**TASK OBJECTIVE**
Your answer must be a word-for-word copy of the listing, with all pictures excluded.

**DATA EXTRACT**
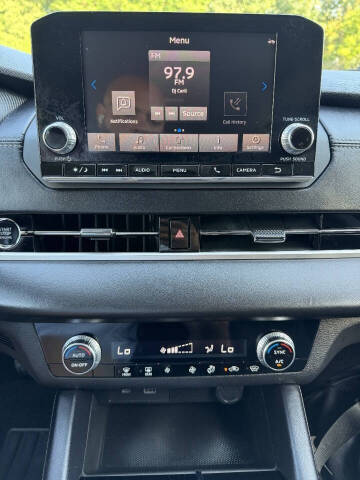 2022 Mitsubishi Outlander ES
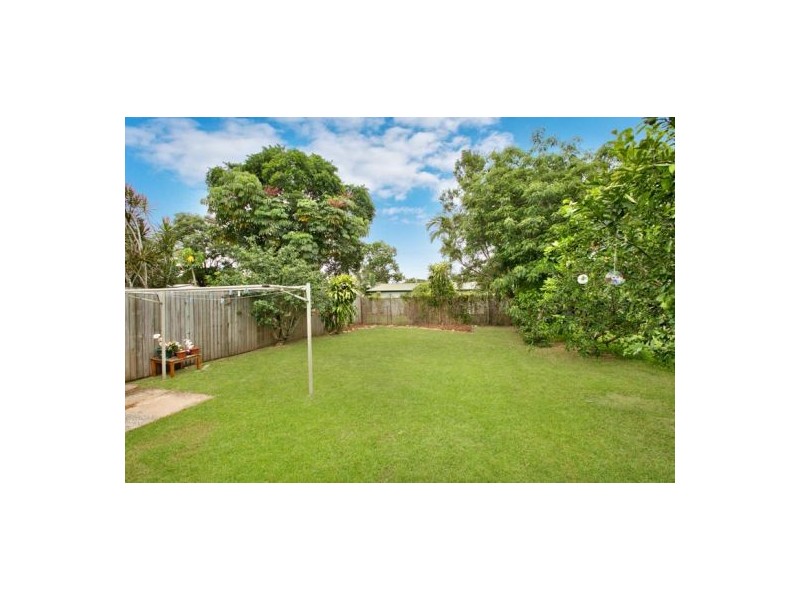 2/13 Boden Street, Edge Hill QLD 4870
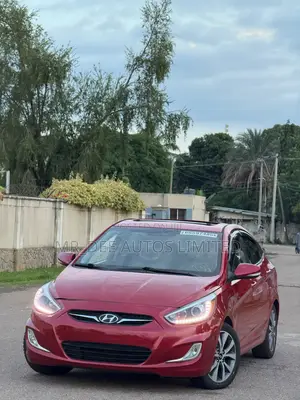 Hyundai Accent 2015 Red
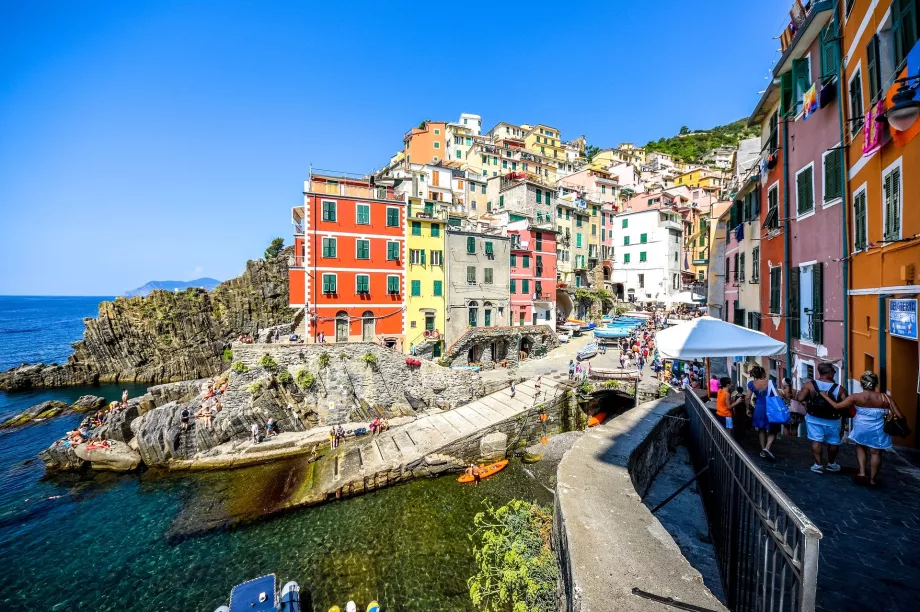 Riomaggiore vom Hafen aus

**FINISHED TASK**
 2022 Mitsubishi Outlander ES
 2/13 Boden Street, Edge Hill QLD 4870
 Hyundai Accent 2015 Red
 Riomaggiore vom Hafen aus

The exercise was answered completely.